Femme Fatales & Damsels in Distress

I recognized her face and knew I didn’t know her. The slender, actress/model in the gym locker room without make-up and with messy hair still had that “she’s a model” look. It’s not unusual to spot celebrities in my neighborhood. Sometimes it’s the A-list folks, with big names from movies, music, art, TV and theater. But lately I’ve been noticing more and more of these strange but familiar faces.

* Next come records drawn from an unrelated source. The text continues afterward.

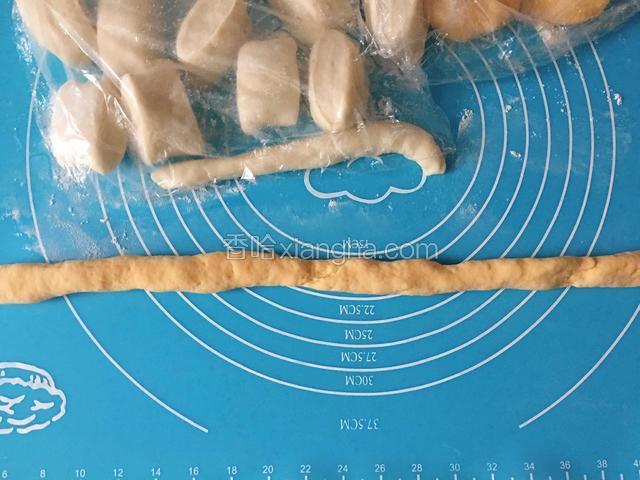 发酵好的南瓜面团取块面团搓成长条。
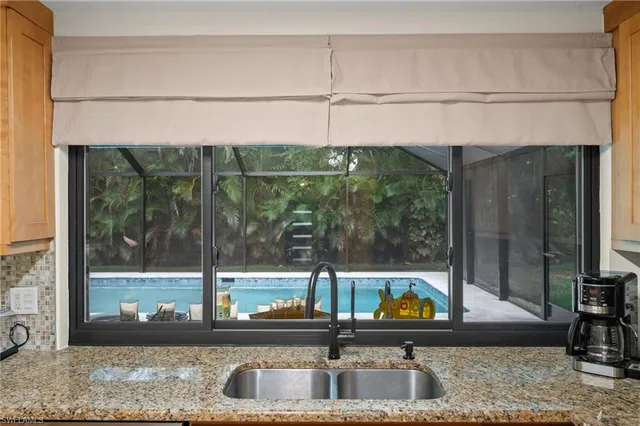 a kitchen with a sink and a large window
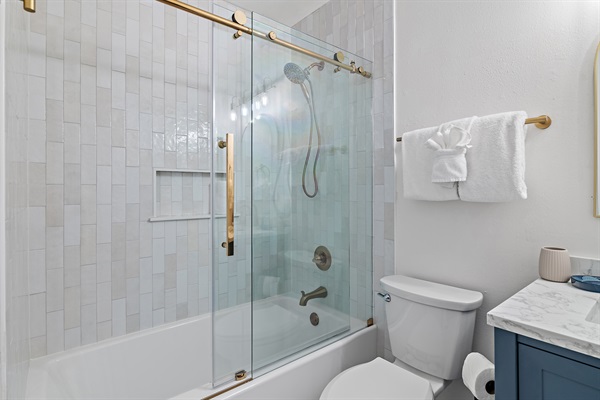 Beautiful brand new hallway bathroom with full bathtub and shower! Custom tile, sliding glass door, modern finishes. 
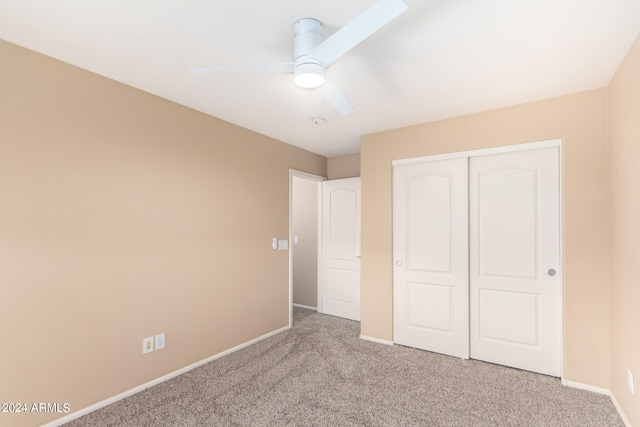 unfurnished bedroom featuring light carpet, a closet, and ceiling fan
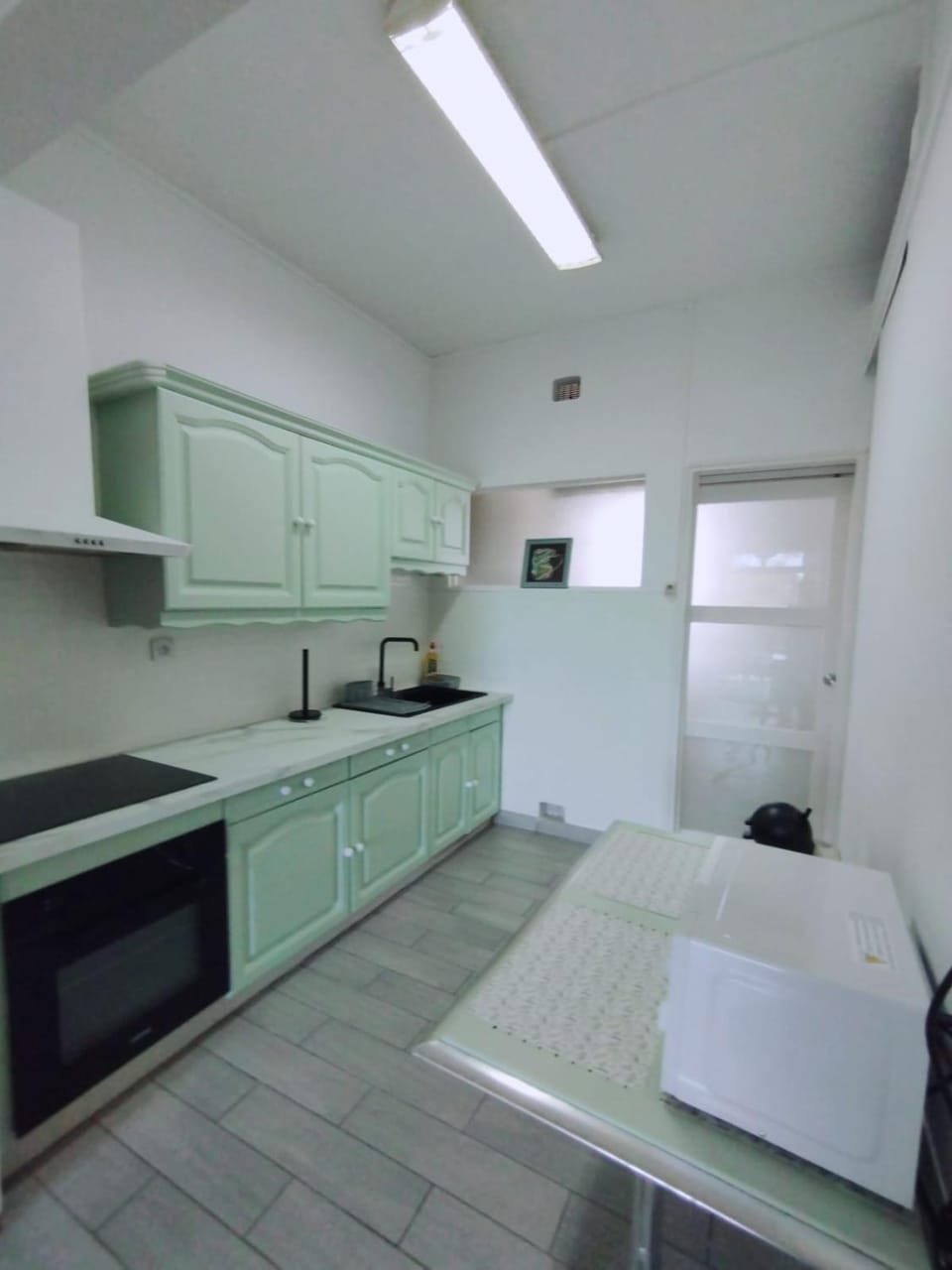 Kitchen or kitchenette, oven, stove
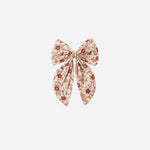 A pink floral hair bow atop a white background. 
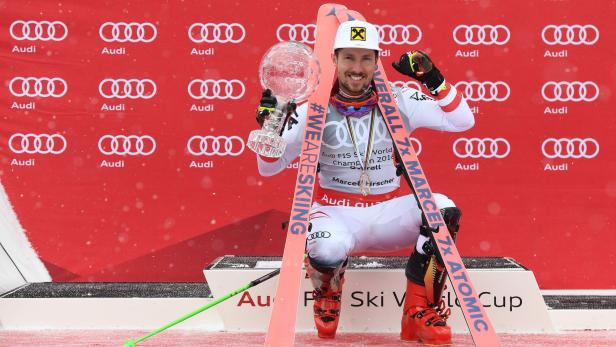 Overall Winner of the Men&#039;s Alpine Skiing World Cup Marcel Hirscher of Austria celebrates on the podium in Aare, Sweden, on March 18, 2018. / AFP PHOTO / Jonathan NACKSTRAND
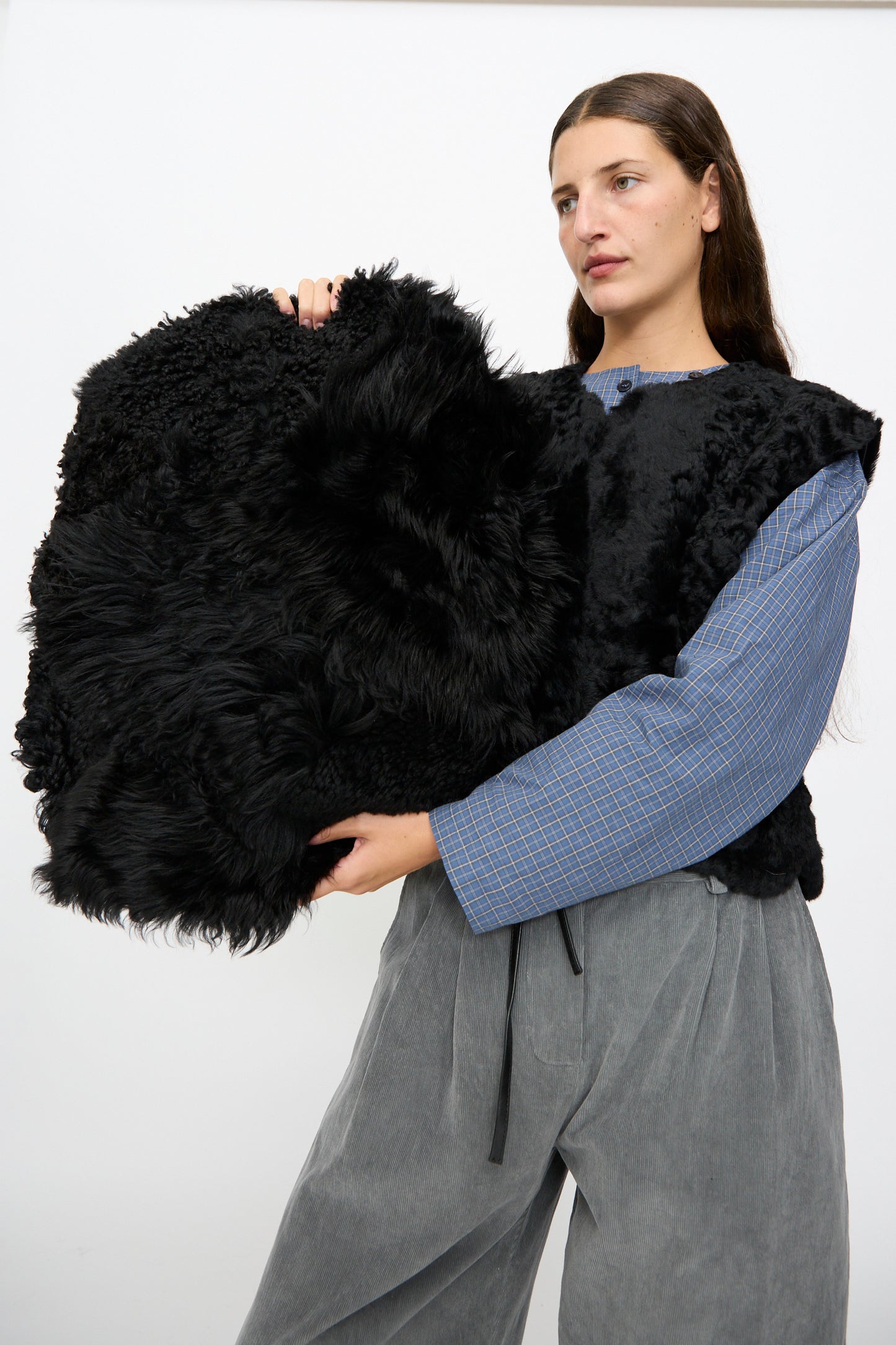 A person in gray pants and a blue plaid top holds the Milena Silvano Shaggy Sheepskin Large Floor Pillow in Black against a plain white background. This unique, limited edition piece infuses any space with its luxurious texture.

I wasn’t sure where I’d seen her, but I knew she played damsels in distress. She had a look of fragility about her. I was certain she didn’t play an edgy detective, a demanding executive, a super cool doctor or a criminal mastermind. Not knowing what part she’d played was making me a bit crazy. I thought she might have been in an off-Broadway play I’d seen last year and I decided to look at a few Playbills stacked on my bookcase. I didn’t have to, because later that day, when I was flipping through TV channels, I found her — playing a damsel in distress in a rerun of BONES.

I laughed.

And then I started to ponder the “look” that leads to casting an actress as a beautiful but devious femme fatale — a stock character of noir fiction. Barbara Stanwyck in “Double Indemnity” and Marlene Dietrich “Witness for the Prosecution” certainly had the combination of beauty and evil intentions that made them as iconic as Lady Macbeth. Being scary and intimidating is a powerful thing on stage and on screen. There’s a wonderful menace in a good femme fatale in a novel — she leaps off the page. Perhaps the beautiful actress at my gym can summon a hidden darkness and play a credible woman of mystery?

 

Comments

  1. Would love it is there were more femme fatales, but as long as men continue to write more of the female characters, I’m sure damsel in distress will continue to reign supreme 😉

    • Candy Korman

      Of course most of the famous femme fatales are the fantasies of men, too. We just need more strong women writers, writing strong women characters and the men will follow along… Umm… the way they follow a femme fatale.